Kicking off on Saturday, the 2019 NRC will have a rugby league-style 50-22/22-50 kicking rule and introduce a line dropout when the ball is held up over the line.
The latter rule is one that should excite plenty of forwards after years of heading to five-metre scrums after stopping a try over the line.
Teams won't have to take the dropout under the posts either, in contrast to rugby league, giving them the chance to exit their defensive zone immediately.
NSW Country captain Ned Hanigan said it would be a positive move for defending teams, especially.
“That's always been a bit of a questionable rule - you hold them up over the line and they get a five-metre scrum, which straight away puts the pressure back on you,” he said.
“This way it’s a quick hold up, get the ball back, kick to buggery down the field and yeah, so it'll be a bit exciting, it'll open the game up.”
Interestingly, Rugby Australia’s director of rugby Scott Johnson was the man who first posed that law variation, at World Rugby’s laws committee.

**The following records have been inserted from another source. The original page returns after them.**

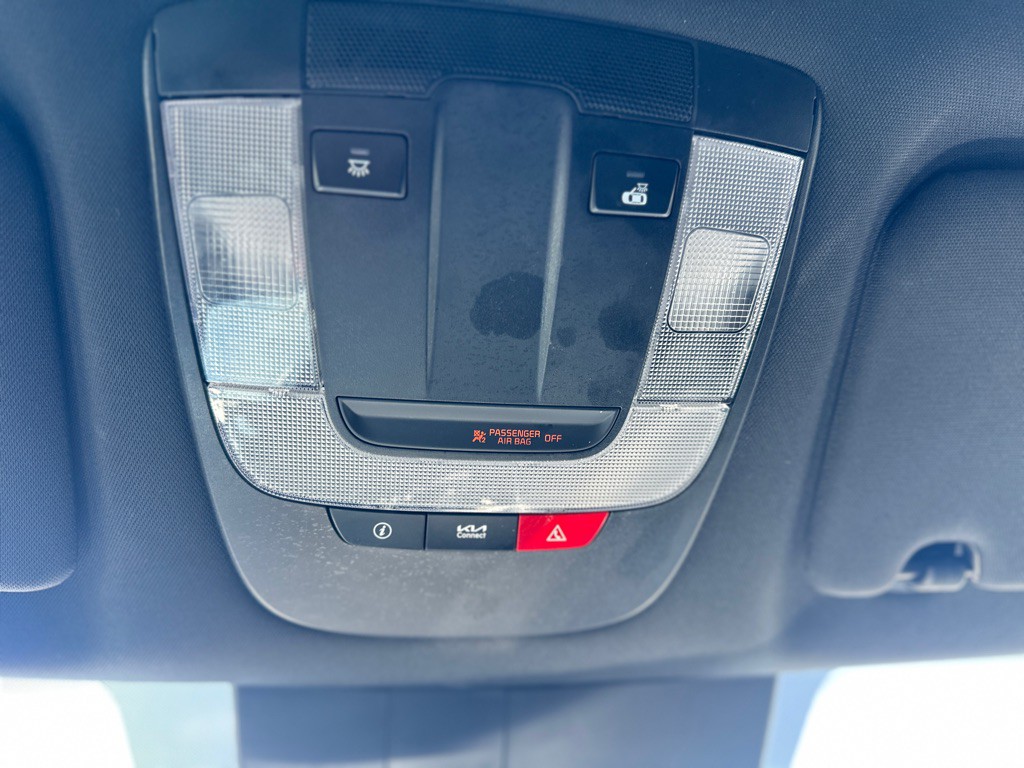 2023 Kia K5 Image 25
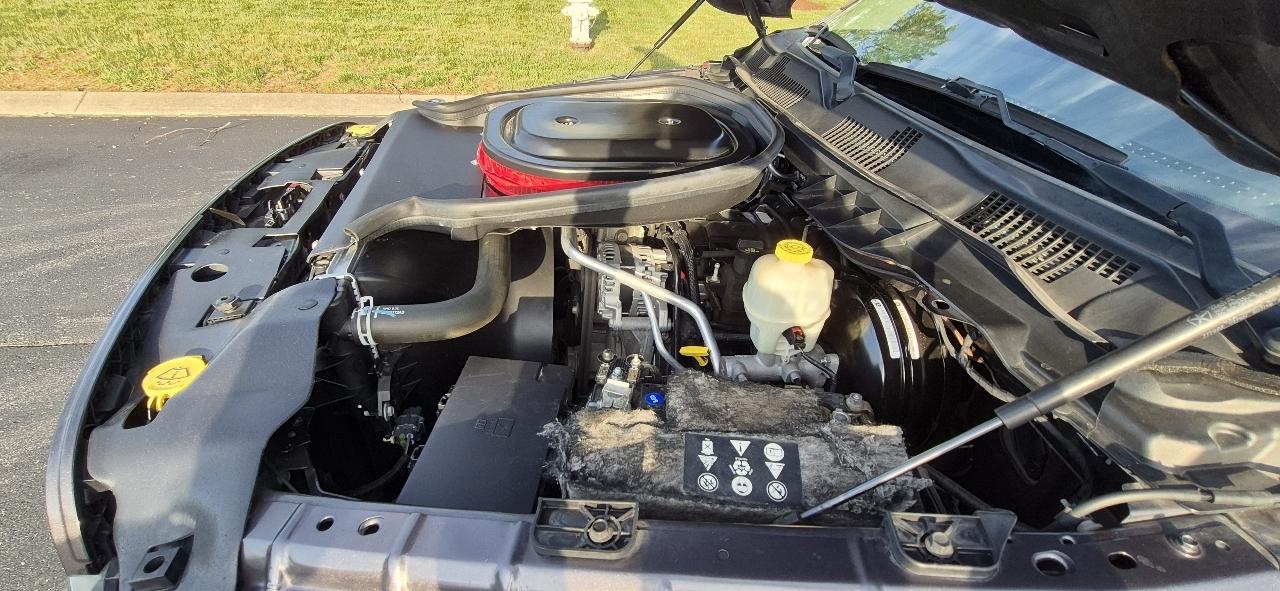 RAM 1500 Sport Crew Cab LWB 4WD 2016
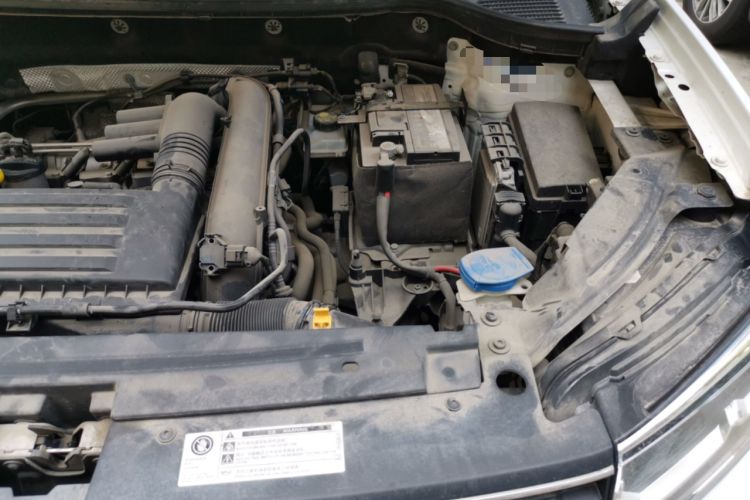 Used Volkswagen Tharu 2019 280TSI Two-Wheel Drive Luxury Version China VI Standard Engine Bay Left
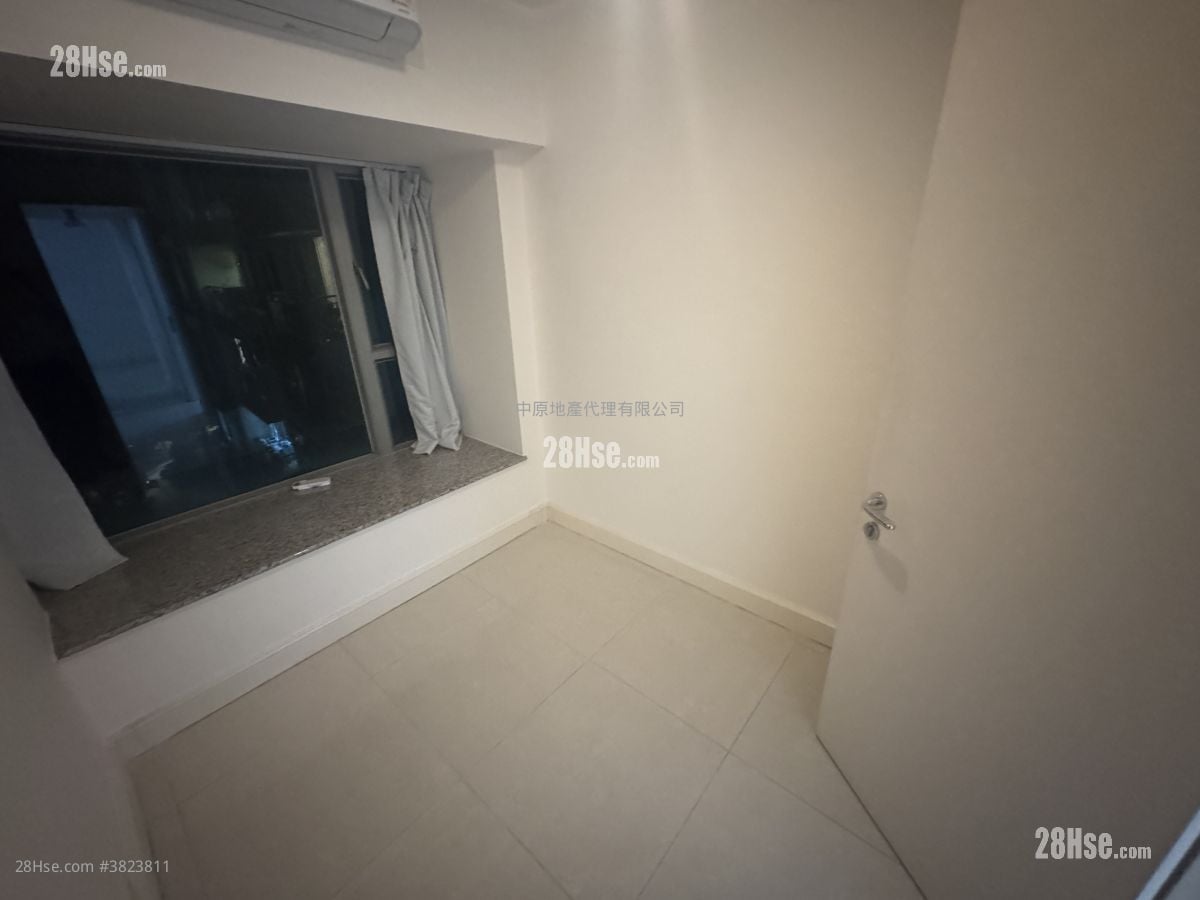 Caribbean Coast Sell 3 Bedrooms , 2 Bathrooms 757 ft²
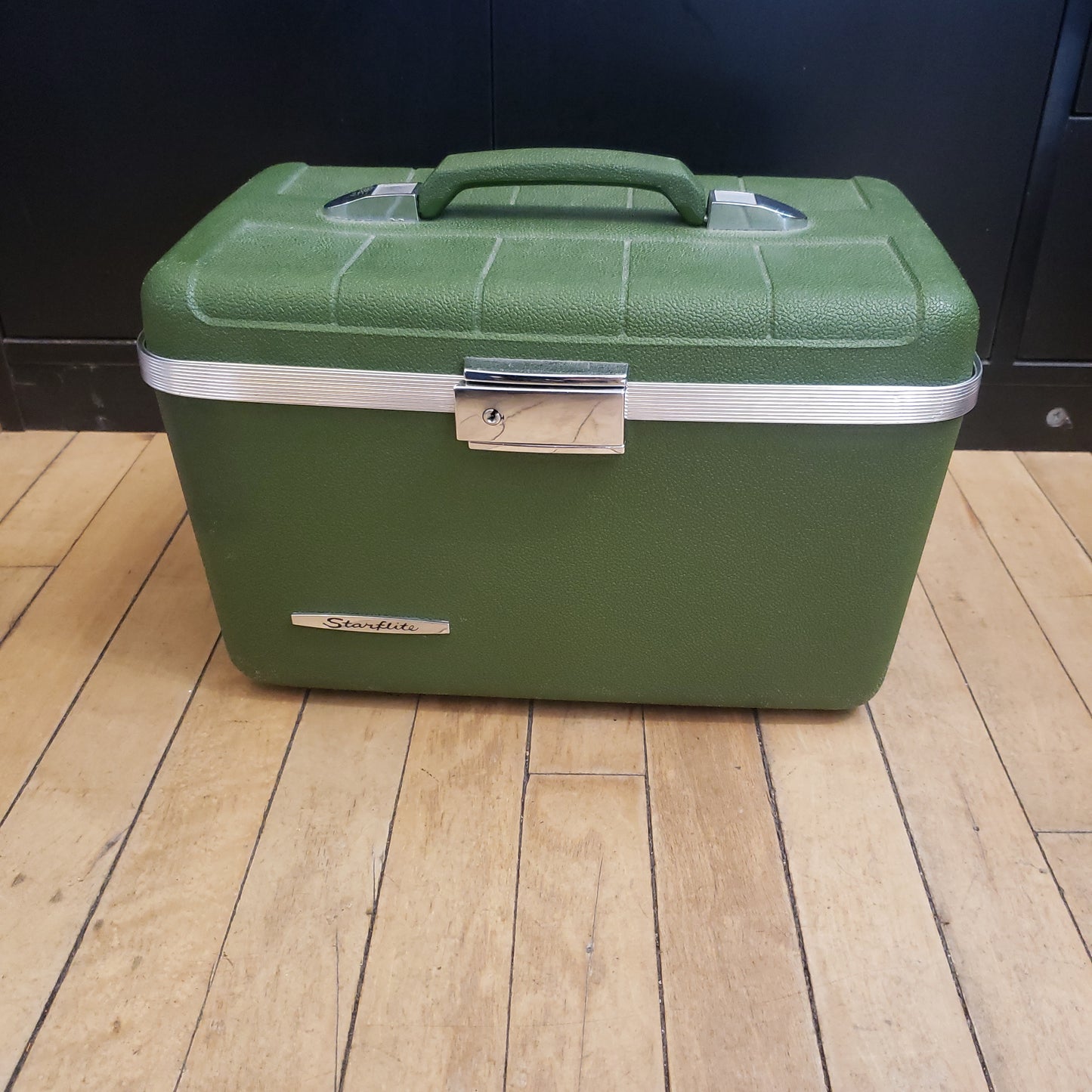 Green Starflite Train Case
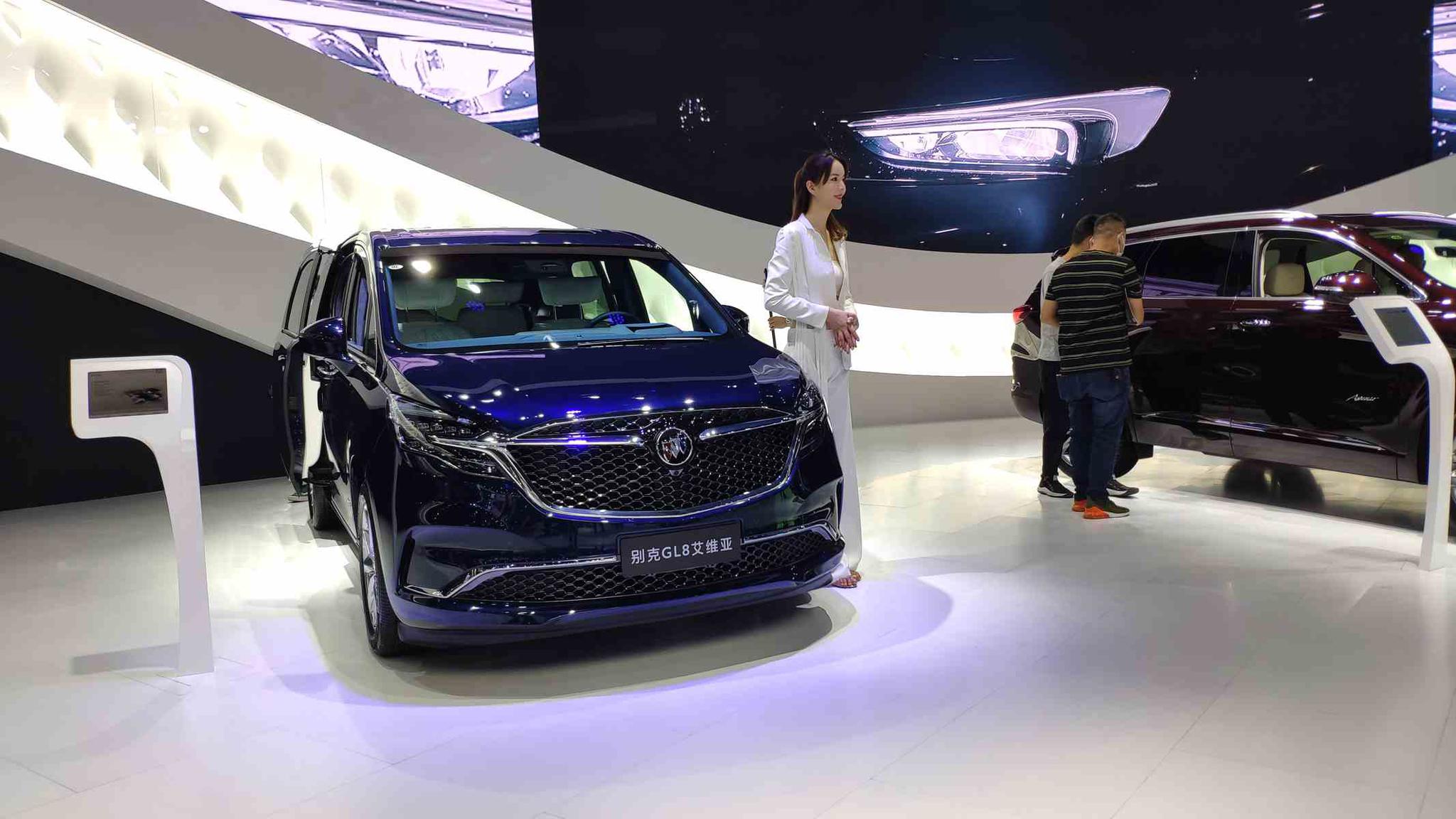 2020年成都车展:别克gl8 avenir四座版实车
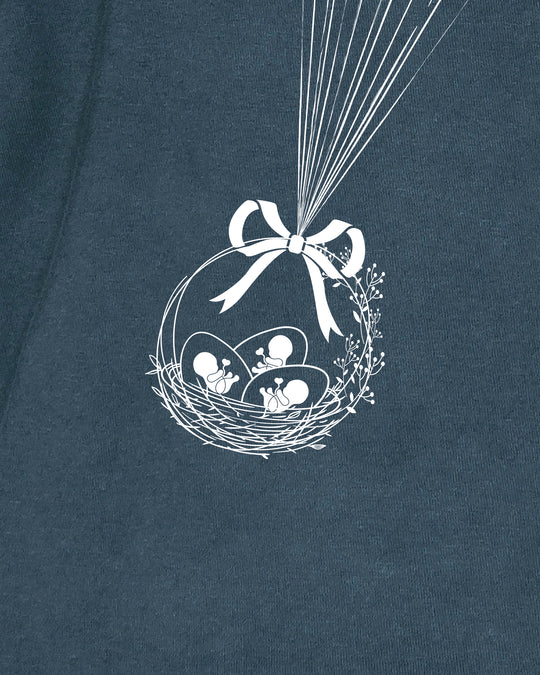 Bird Basket. Triplets Womens T-shirt (heavy weight)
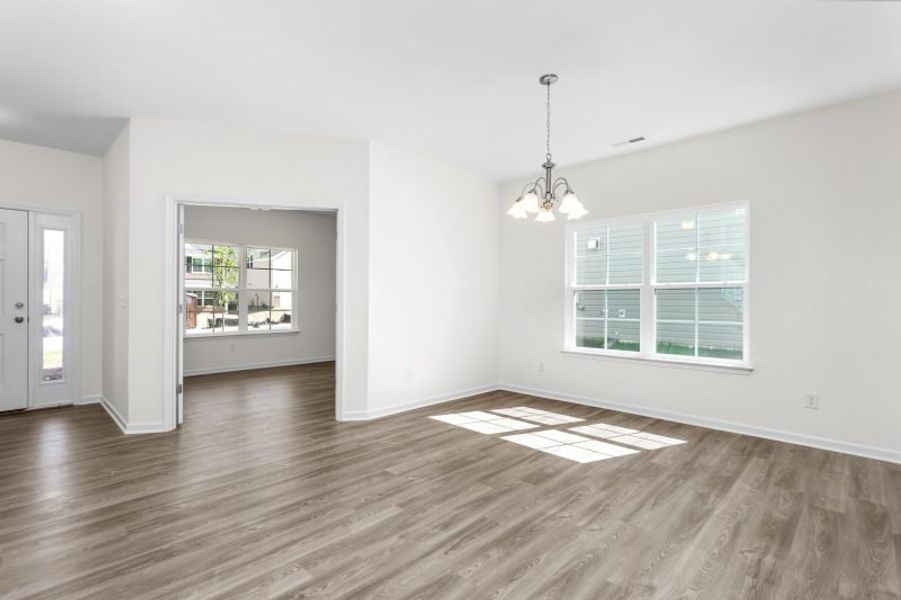 Spacious, unfurnished interior of a new home in Avondale, Greensboro (Image 20). Spacious, unfurnished interior of a new home in Avondale, Greensboro (Image 20).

“Scott Johnson is our representative on that group, and he is particularly good in that space, like he really wants to innovate and see the game really move,” Rugby AU CEO Raelene Castle said.
“So he is quite a leader in that group, probably less conservative than some of our northern hemisphere friends.
He is a real fan of the 50-22, and it was his initiative the drop-out after the held-up over the line.
“That was something he really pushed for at World Rugby.”
Castle said the NRC was the perfect environment for testing new rules, with the aim to open up the flow of the game.
“The whole point of the trial is so they can look at it in a competition like this, and make sure it doesn’t open up opportunities in other areas of the game,” she said.
“Because sometimes when you change a law here, this happens over there and then you end up with unfortunate consequences.
“So trialling it makes sure when you put into into Super Rugby and Test rugby you are really sure it is the right law change.”
Brisbane City skipper Fraser McReight is certainly hoping the law variations open the matches up more this year.
The 50:22 kicking law is aimed at forcing players to drop out of the defensive line to prevent their opponents from kicking into touch, opening up more space across the field.
“I think I can see this year it's going to be a very high-scoring NRC but it's not going to be five-metre scrums, scrum, scrum, scrums, penalty try.
“It's going to be held them up, kick the ball up, attacking rugby,” he said.
“We like that and it's rewarding because the best thing about rugby is not just the scrums and the mauls but for me, I love the running, I love the tackling, love the openness and the freedom of the game, that's what this NRC season's going to do so I can't wait to get stuck in.”
The new 50-22 rule will give teams an attacking lineout should they kick from their own half and the ball bounces into touch in their attacking 22 or if they boot the ball from their own 22 beyond halfway.
Sydney captain Lalakai Foketi said he felt it would be an easy one to adapt to given how many players have grown up watching or playing rugby league
"I guess my first option would be to run it but I think it's great, it's pretty smart, get rewarded for good play," he said.
"If we get into that right position on the field, I'm sure that boys will do that and see what happens. We get a lineout in their 22, hopefully we can counter on that.
"Everyone watches rugby league here and I'm sure most of them have grown up playing rugby league so again talking to a couple of the boys like Will Harrison and that about the kicking rules, they're loving it so I'm sure if we're in our 50 and we've got a four on two they'll still kick it into the 22.
The NRC kicks off on Saturday August 31 with NSW Country Eagles hosting the Sydney Rays at Apex Oval, Dubbo.